Beginning with the first line, return the material verbatim and without pictures.

[Source material]
- - - - -

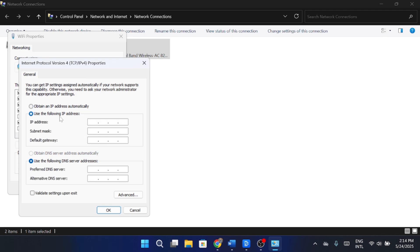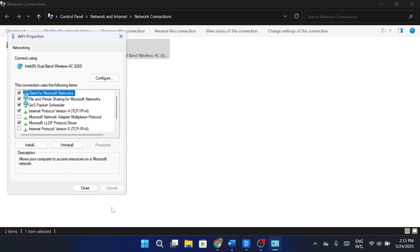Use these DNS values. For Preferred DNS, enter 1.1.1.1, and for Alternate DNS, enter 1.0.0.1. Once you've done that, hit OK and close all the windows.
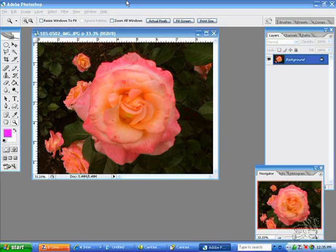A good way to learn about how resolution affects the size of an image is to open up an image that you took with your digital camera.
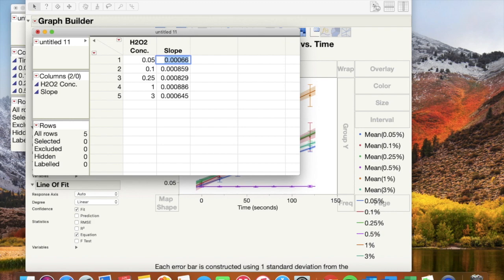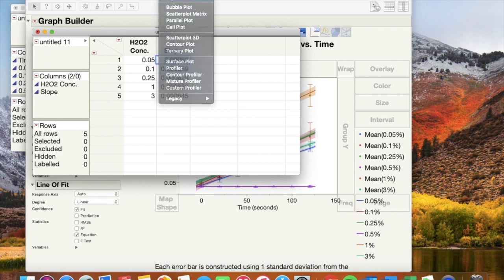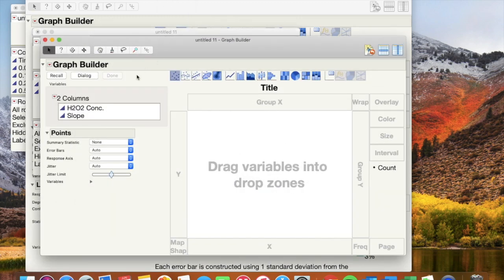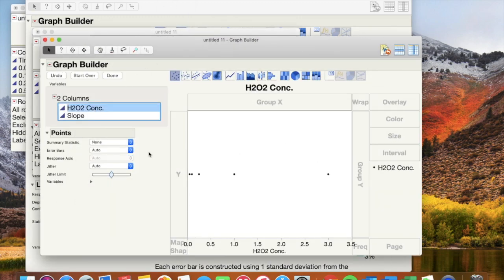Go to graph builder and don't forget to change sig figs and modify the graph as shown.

- - - - -

[Response box]
Use these DNS values. For Preferred DNS, enter 1.1.1.1, and for Alternate DNS, enter 1.0.0.1. Once you've done that, hit OK and close all the windows.
A good way to learn about how resolution affects the size of an image is to open up an image that you took with your digital camera.
Go to graph builder and don't forget to change sig figs and modify the graph as shown.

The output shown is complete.